Dio las gracias a St. Denis por la sugerencia y coincidió con ella: Sí. Había muchas cosas que quería descubrir en la ciudad. Por supuesto, aprovecharía la ocasión.

Hogar para Niñas sin Amigos de Nueva York

Calle Quince Oeste, 355

Nueva York, Nueva York

Señora de Alan Carlisle

North St. Francis Street, 194

Wichita, Kansas

23 de noviembre de 1908

Apreciada señora Carlisle:

Gracias por su generoso donativo, que recibimos la semana pasada. Pese a lo mucho que agradecemos y dependemos de estas formas de caridad para dar de comer, vestir y educar a las niñas a nuestro cargo, nos es imposible responder a su tercera petición, o cualquier petición futura, de información acerca de sus padres naturales.

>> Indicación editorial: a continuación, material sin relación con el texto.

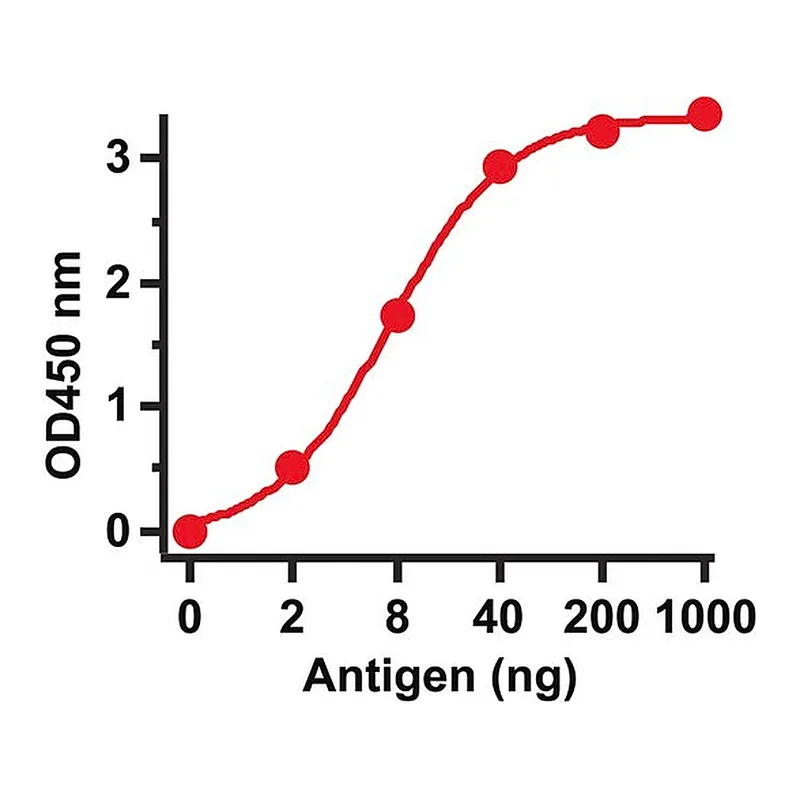Merck Anti-SARS-CoV Spike antibody produced in rabbit
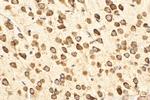 RPL10 Antibody in Immunohistochemistry (Paraffin) (IHC (P))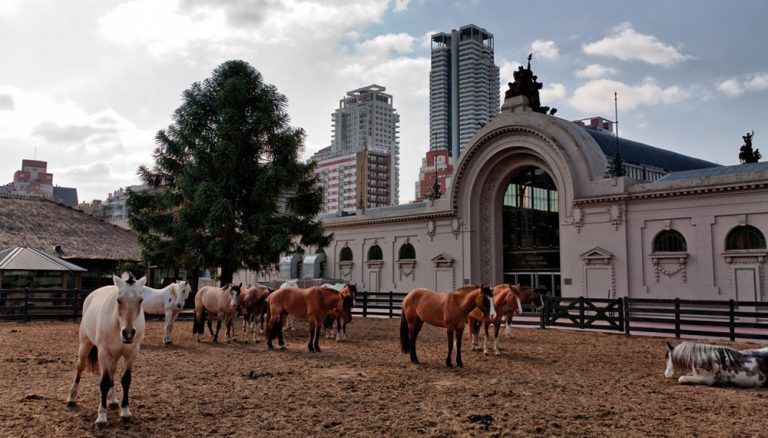 Por el coronavirus, la Rural no se hará en las vacaciones de invierno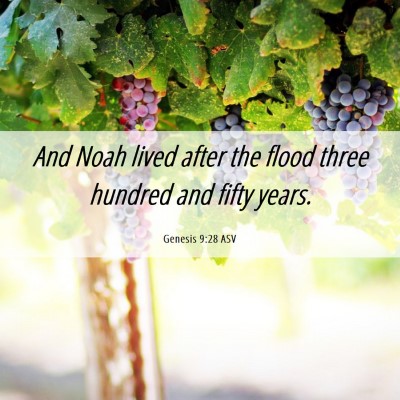 Picture 06 - Genesis 9:28 ASV - And Noah lived after the flood three hundred and - Bible Verse Picture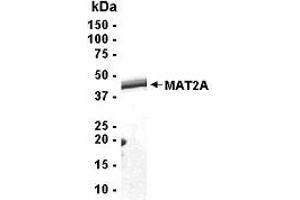 Western Blotting (WB) image for Methionine Adenosyltransferase II, alpha (MAT2A) (AA 1-395) protein (ABIN2468786)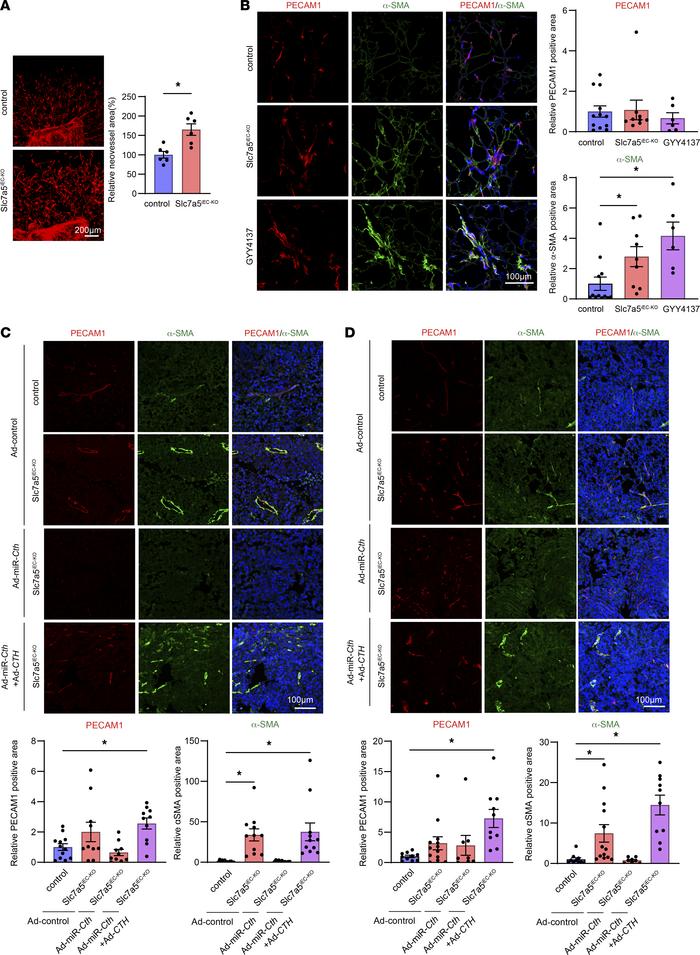 Slc7a5iEC–KO mice promoted tumor vessel normalization and mesenchymal ce...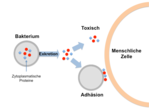Schematic showing the excretion of toxic proteins. Specifically, the schematic shows a bacterial cell and a human cell (circles) and toxic products (small dots) that dock to cells.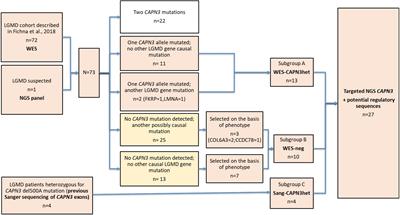 Targeted Next-Generation Sequencing Reveals Mutations in Non-coding Regions and Potential Regulatory Sequences of Calpain-3 Gene in Polish Limb–Girdle Muscular Dystrophy Patients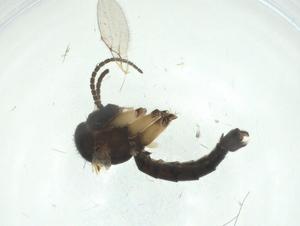  ( - CBG-A27765-C01)  @11 [ ] CreativeCommons - Attribution Share - Alike (2024) Centre for Biodiversity Genomics Centre for Biodiversity Genomics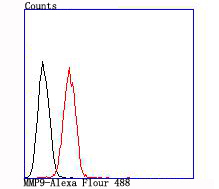 MMP9 Antibody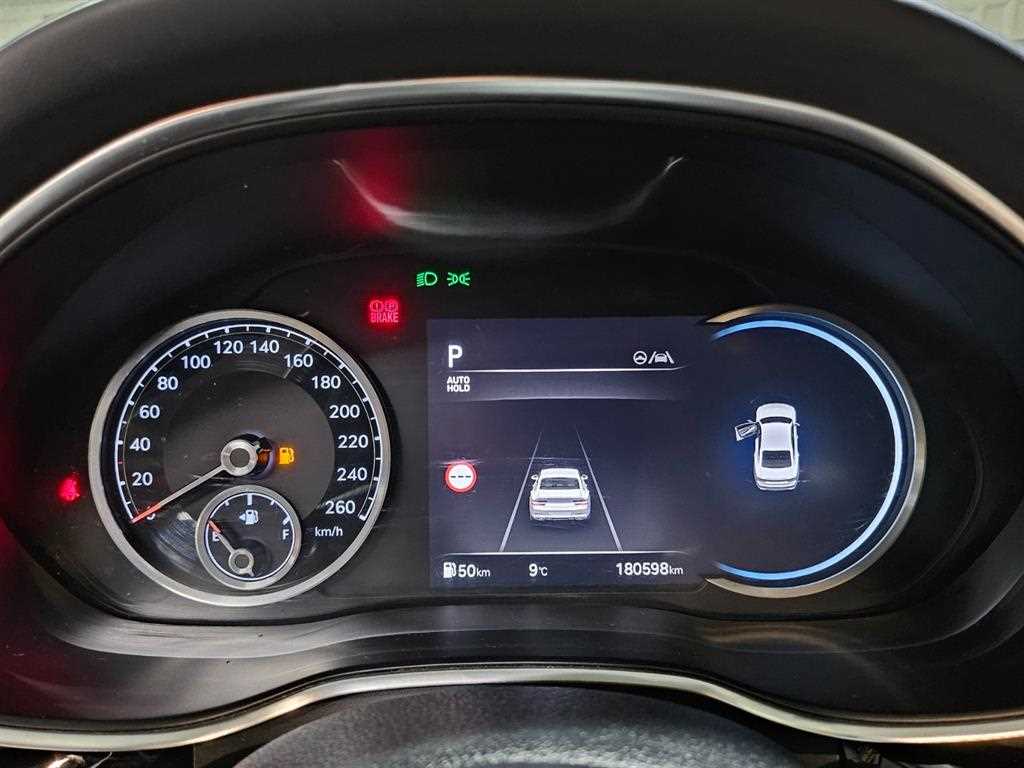 Genesis G80 - Vista 9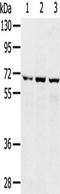 Sodium/glucose cotransporter 4 antibody, TA351708, Origene, Western Blot image 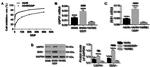 USP51 Antibody in Western Blot (WB)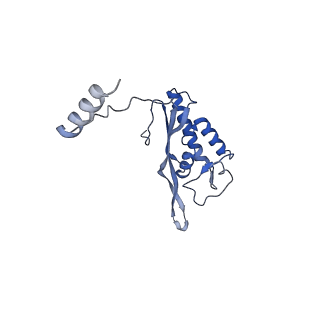 10262_6snt_v_v1-2
Yeast 80S ribosome stalled on SDD1 mRNA.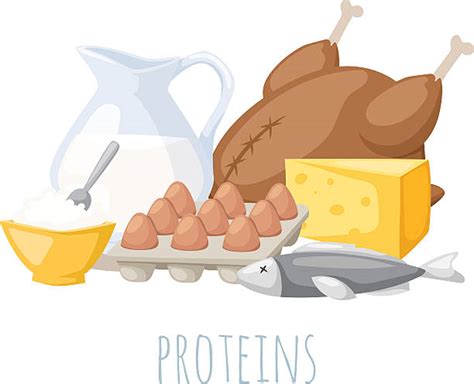 Protein Clip Art, Vector Images & Illustrations - iStock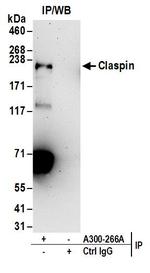 Claspin Antibody in Immunoprecipitation (IP)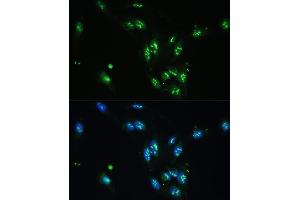 Immunofluorescence analysis of U-2 OS cells using CCDC59 antibody (ABIN7266440) at dilution of 1:100. (CCDC59 Antikörper  (AA 1-241))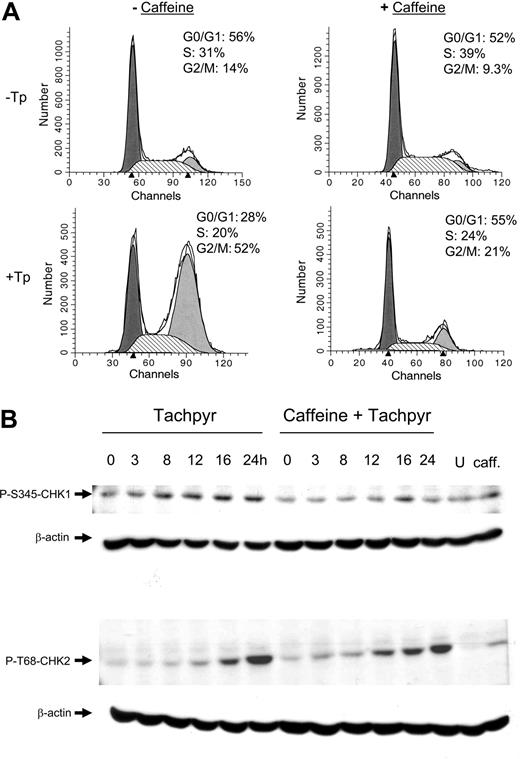 Figure 5. Caffeine inhibits tachpyridine-induced G2 arrest and activation of tachpyridine-induced CHK1 but not CHK2. (A) HeLa cells were either not pretreated or pretreated for 12 hours with 5 mM caffeine, followed by 18 hours of treatment with 7.5 μM tachpyridine, and analyzed by flow cytometry. (B) HeLa cells were either not pretreated or pretreated for 12 hours with 5 mM caffeine, followed by treatment with 7.5 μM tachpyridine over a time course of 3 to 24 hours, and analyzed by Western blotting (U indicates untreated control at 24 hours; caff, cells treated with caffeine alone for 24 hours).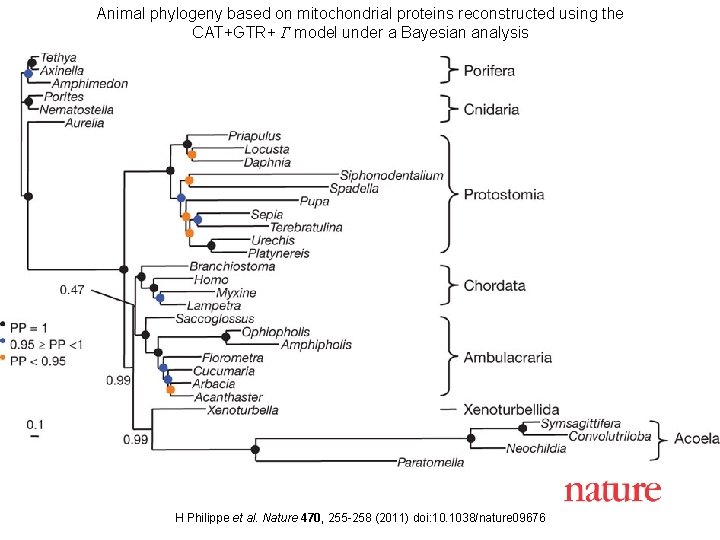 Animal phylogeny based on mitochondrial proteins reconstructed using the CAT+GTR+ Г model under a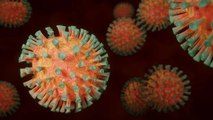 COVID 19: Coronavirus In India కేంద్ర రాష్ట్ర ప్రభుత్వాల హెచ్చరికలు  |  Telugu Oneindia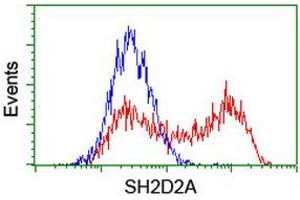 HEK293T cells transfected with either RC204162 overexpress plasmid (Red) or empty vector control plasmid (Blue) were immunostained by anti-SH2D2A antibody (ABIN2455613), and then analyzed by flow cytometry. (SH2D2A anticorps)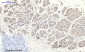 HIF-1α Polyclonal Antibody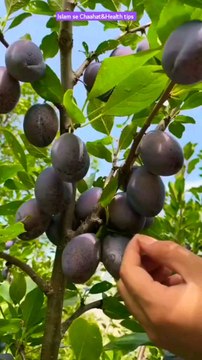 naat, viral video, viral shorts, shorts, status, naat status, naat shorts, Islamic status, Islamic shorts, viral Islamic naat, viral reels, Arman Ullah naats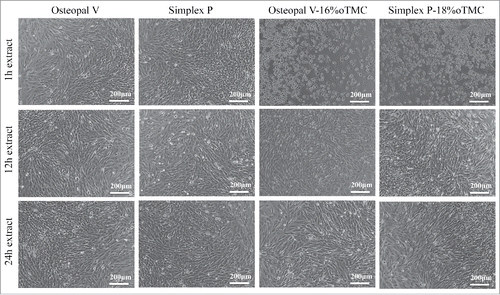 Figure 2. Representative light micrographs of cells after 1 d of incubation in extraction media of unmodified and modified cements. Cells in 1 h extraction media from modified cements showed signs of apoptosis, i.e. cell shrinkage and round cell morphology. Cell morphology in 12 h and 24 h extracts was comparable to extracts of the unmodified cements as well as the control group (the latter is not shown).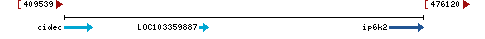 Genomic Context describing neighboring genes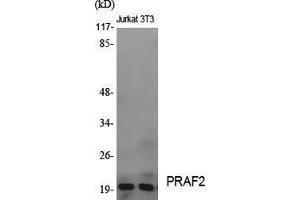 Western Blotting (WB) image for anti-PRA1 Domain Family, Member 2 (PRAF2) (C-Term) antibody (ABIN3186548) (PRAF2 Antikörper  (C-Term))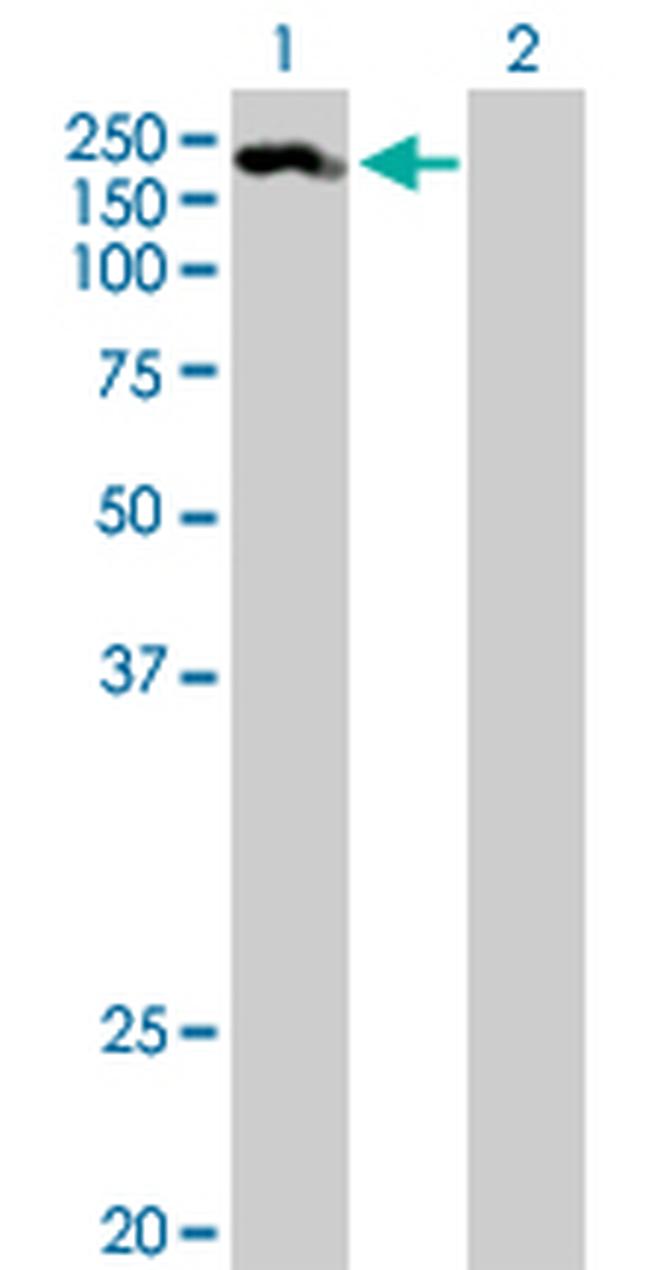 JAG1 Antibody in Western Blot (WB)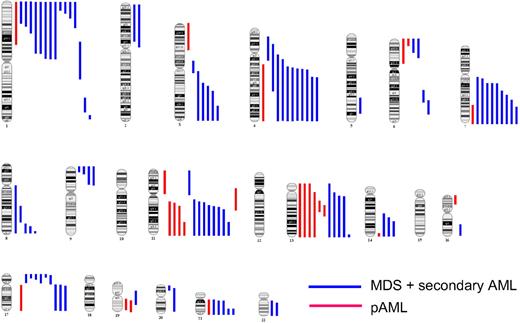 Figure 4. Genomic distribution of acquired CN-LOH in MDS/secondary AML and primary AML. CN-LOH is nonrandomly distributed across the genome in both MDS/secondary AML (blue lines) and primary AML (red lines), with some chromosomes and chromosomal regions being more frequently affected.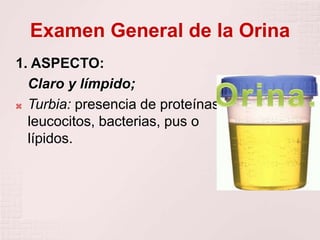 Examen General de la Orina
1. ASPECTO:
Claro y límpido;
 Turbia: presencia de proteínas,
leucocitos, bacterias, pus o
lípidos.
 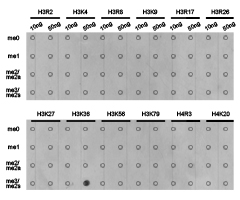 Histone H3K36me3 Polyclonal Antibody - Absci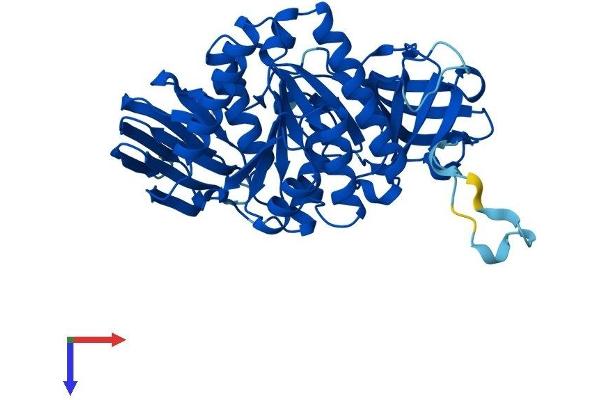 CLP1 Protein (AA 1-425) (His tag)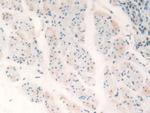 C20orf10 Antibody in Immunohistochemistry (Paraffin) (IHC (P))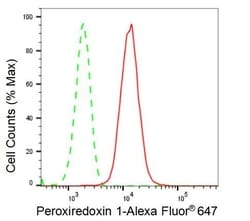 Invitrogen PRDX1 Recombinant Rabbit Monoclonal Antibody (23GB2120), Invitrogen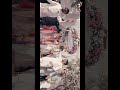Latest Wedding Reel | Manohar Studio |#trendingshorts #trending #viralvideo #wedding #bridal #love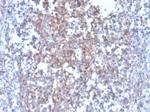 Fas Ligand (FASLG) Antibody in Immunohistochemistry (Paraffin) (IHC (P))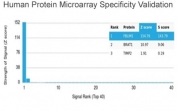 Analysis of HuProt(TM) microarray containing more than 19,000 full-length human proteins using Migfilin-1 antibody (clone FBLIM1/4600). These results demonstrate the foremost specificity of the FBLIM1/4600 mAb. Z- and S- score: The Z-score represents the strength of a signal that an antibody (in combination with a fluorescently-tagged anti-IgG secondary Ab) produces when binding to a particular protein on the HuProt(TM) array. Z-scores are described in units of standard deviations (SD's) above the mean value of all signals generated on that array. If the targets on the HuProt(TM) are arranged in descending order of the Z-score, the S-score is the difference (also in units of SD's) between the Z-scores. The S-score therefore represents the relative target specificity of an Ab to its intended target.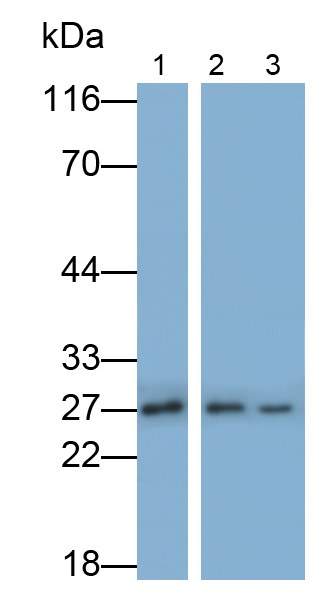 Polyclonal Antibody to Corticotropin Releasing Factor (CRF)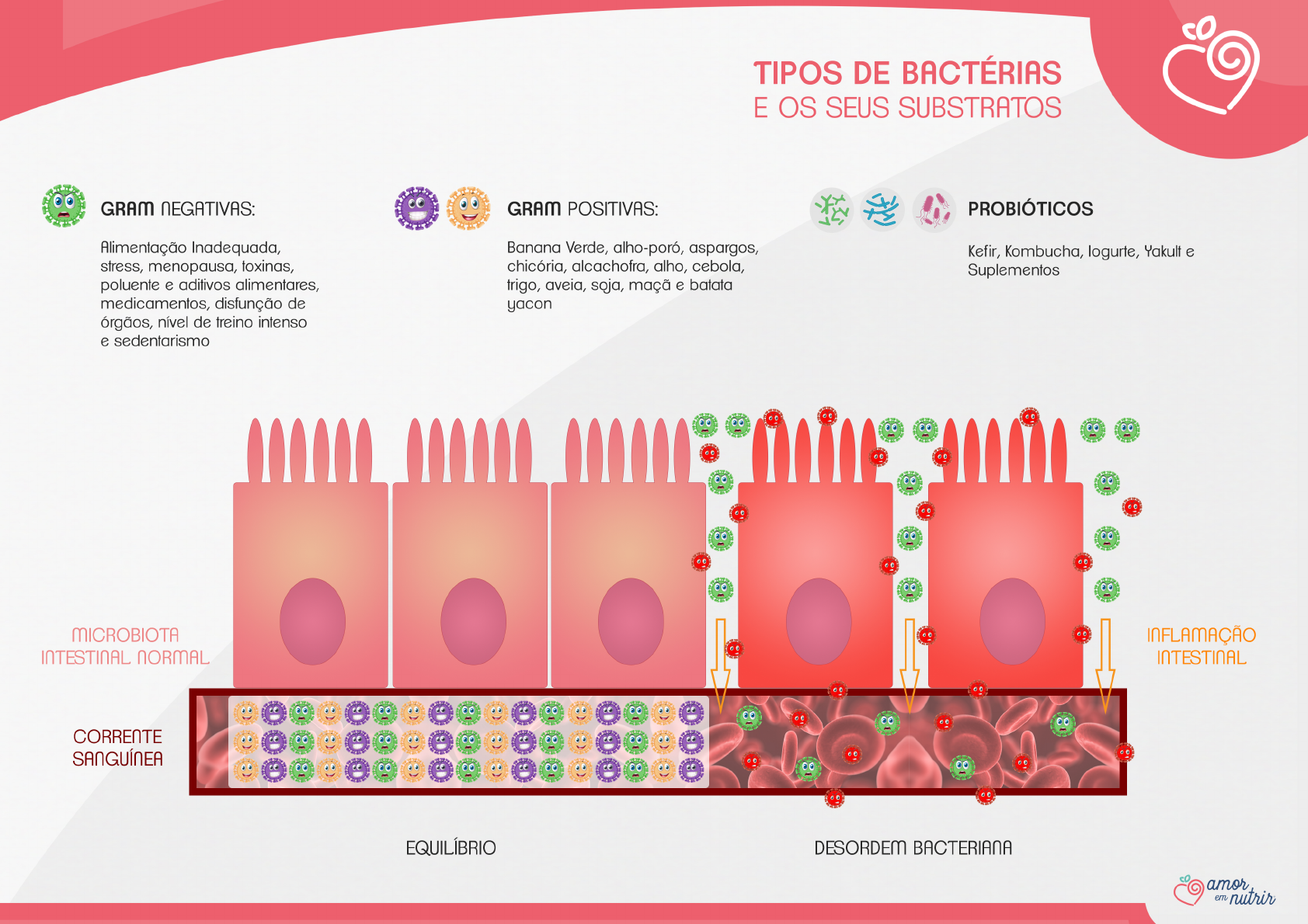 De Exemplos E Defina As Formas De Nutriçao Das Bacterias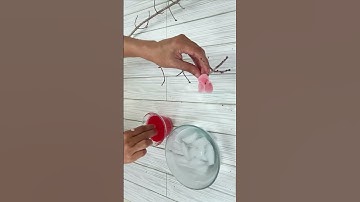 Thumbnail of Diy Plum blossom 🌸 #viral #diy #trending  #shorts #japaneseapricot #beautiful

Nos complace saber que ahora es usted una mujer casada, a quien Dios ha concedido dos hijos propios, y que las cosas le van tan bien como para ayudarnos de esta manera. Le ruego que tenga en cuenta que ese feliz desenlace se ha producido gracias a la oportunidad que se le brindó de empezar una nueva vida lejos de la ciudad y romper los lazos con el lastre del pasado. Nuestra norma es proteger la intimidad de los padres naturales, que acaso no deseen que se conozca su identidad, y también el bienestar de las personas antes a nuestro cargo, que, según creemos, hacen mejor en concentrarse en su vida actual que en sus turbulentos orígenes.

He leído lo que ha escrito acerca de sus anhelos y su confusión. Sepa que la tendré presente en mis plegarias.